What does that have to do with the family table? The table, with its rich undertones of grace, acceptance, sustenance and togetherness is where parents can use, no matter how brief, the stories of the day just ending to teach their children about God. Mary wasn’t much older than a child when Gabriel announced God’s favor upon her. In her song of response, Mary demonstrates a deep knowledge of and trust in God, exclaiming, “His mercy extends to those who fear him, from generation to generation. He has performed mighty deeds with his arm; he has scattered those who are proud in their inmost thoughts. He has brought down rulers from their thrones but has lifted up the humble. He has filled the hungry with good things but has sent the rich away empty. He has helped his servant Israel, remembering to be merciful to Abraham and his descendants forever, even as he said to our fathers.” (Luke 1:50-55)
Mary knows, fears, and reveres her God. It is nearly impossible to revere or fear a God you do not know well. When our knowledge and understanding of God is unformed, we are vulnerable to the human tendency to revere and fear the wrong things. When we revere money, we find ourselves fearing a fickle economy. If we revere health and youth, then illness, aging, even dying frighten us. Our reverence for providing for our own safety and security is born out of a fear of tragedy or calamity. But, at the table, we learn about a God who says throughout history, “Trust me, let peace rule in your heart. I care for you. I give you bread not stones. I love you so much and so completely that I died for you. I am here for you, present among you, and I will never leave you.”
The table truly does provide a powerful opportunity for testimony to our children. In our families, sharing our lives, our family history, our joys and our tears around the table, we also share in the love and knowledge of God. Our children not only learn the stories of our faith, they learn the stories of the family’s encounters with God through its history.

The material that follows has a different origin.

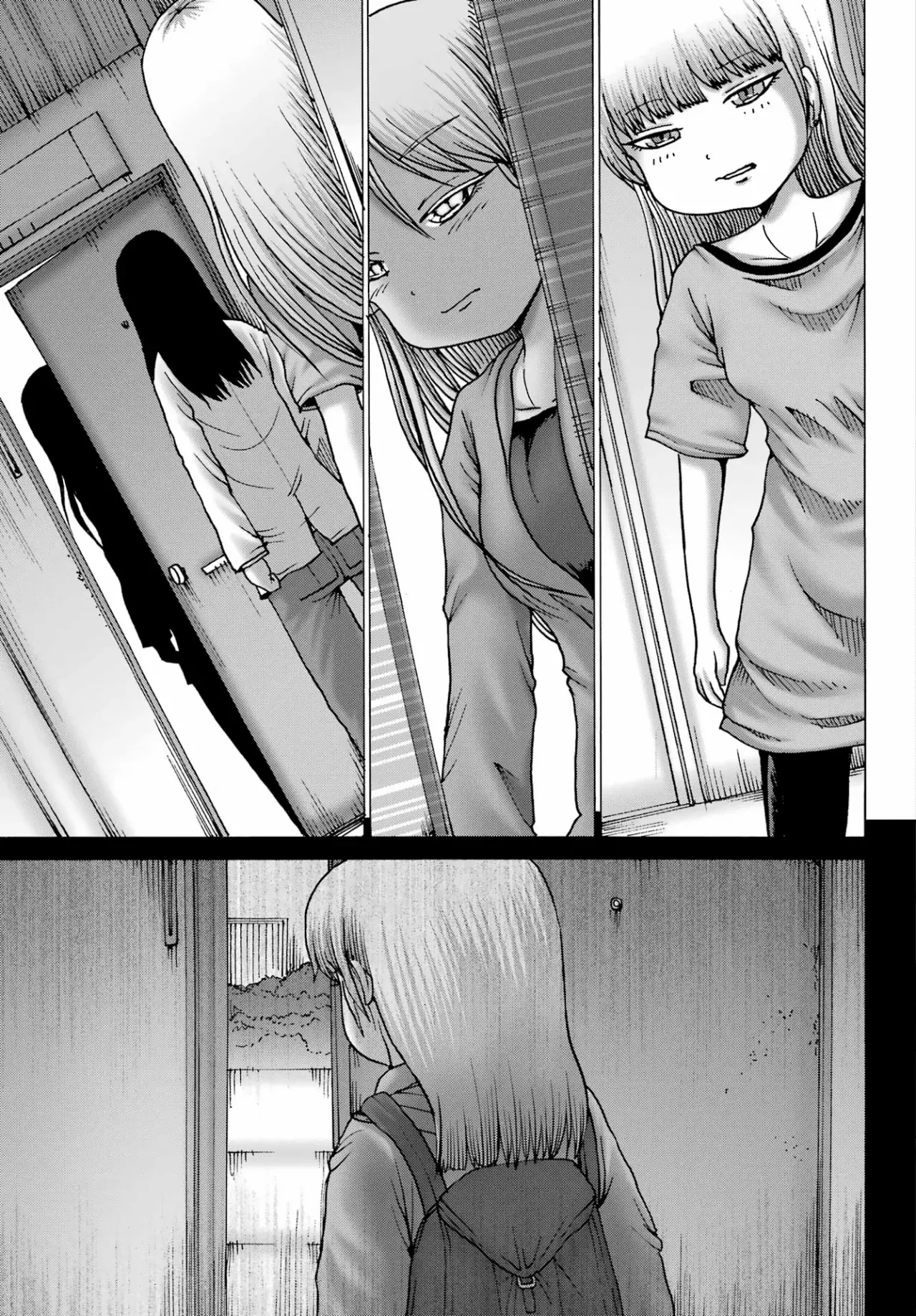 High Score Girl Dash Capitulo 50 página 8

We model for children what it means to trust God, to love him with a sincere and devoted heart out of fear and reverence for his holiness, his incarnation, his substitutionary death, and his promise to return. “Food is a direct route to the intimacies of life.” This is food for hungry souls.
Think about planning some family meals this week-for everyone’s sake!
~Julie A.P. Walton, Ph.D.
 Weinstein, The Surprising Power of Family Meals, p. 69.